Control Blood Pressure. Managing blood pressure is essential and complicated. Blood pressure often declines spontaneously in the first 24 hours after stroke. Patients whose blood pressure remains elevated should be treated with antihypertensive medications.
Monitor Increased Brain Pressure. Hospital staff should watch carefully for evidence of increased pressure on the brain (cerebral edema), which is a frequent complication of hemorrhagic strokes. It can also occur a few days after ischemic strokes. Early symptoms of increased brain pressure are drowsiness, confusion, lethargy, weakness, and headache. Medications such as mannitol may be given during a stroke to reduce pressure or the risk for it.
Keeping the top of the body higher than the lower part, such as by elevating the head of the bed, can reduce pressure in the brain and is standard practice for patients with ischemic stroke. However, this practice also lowers blood pressure in general, which may be dangerous for patients with massive stroke.
Monitor the Heart. Patients must be monitored using electrocardiographic tracings to check for atrial fibrillation and other heart rhythm problems. Patients are at high risk for heart attack following stroke.

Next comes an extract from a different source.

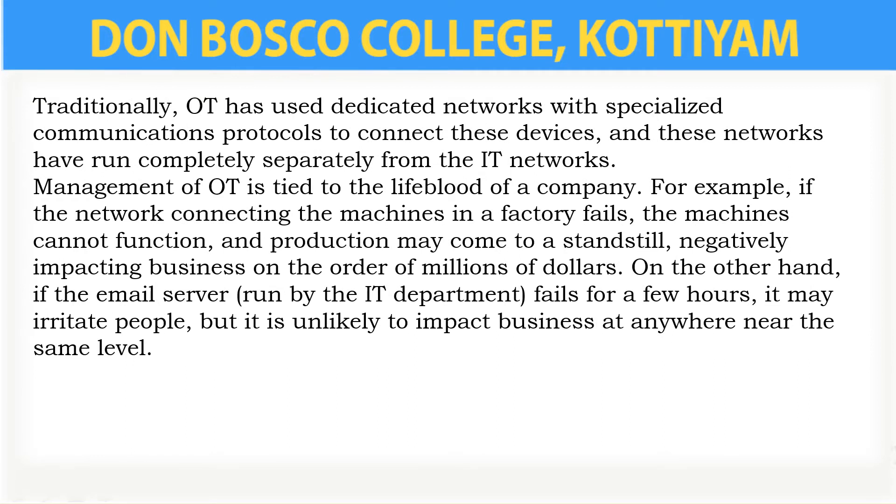In the past, IT has been associated with offices and white-collar work, while OT has been associated with factories, warehouses, shipping, and other blue-collar work. Yet increasingly, companies want to align these different types of work with each other, which is one of the reasons why companies want to connect IT and OT systems.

Control Blood Sugar (Glucose) Levels. Elevated blood sugar (glucose) levels can occur with severe stroke and may be a marker of serious trouble. Patients with high blood glucose levels may require insulin therapy.
Monitor Blood Coagulation. Regular tests for blood coagulation are important to make sure that the blood is not so thick that it will clot nor so thin that it causes bleeding.

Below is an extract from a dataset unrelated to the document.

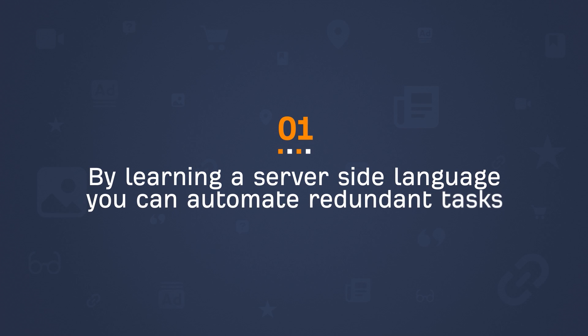But I'm a strong believer that the learning curve to programming is well worth the effort because of the way it benefits your efficiency, wallet, and career. So with that said, let's jump into our first use case of how you can use programming in your SEO arsenal. Number one: by learning a server-side language, you can automate redundant tasks.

Check for Deep Venous Thrombosis. Deep venous thrombosis is a blood clot in the veins of the lower leg or thigh. It can be a serious post-stroke complication because there is a risk of the clot breaking off and traveling to the brain or heart. Deep venous thrombosis can also cause pulmonary embolism if the blood clot travels to the lungs. If necessary, an anticoagulant drug such as heparin may be given, but this increases the risk of hemorrhage. Patients who have had a stroke are also at risk for pulmonary embolisms
Prevent Infection. Patients who have had a stroke are at increased risk for pneumonia, urinary tract infections, and other widespread infections.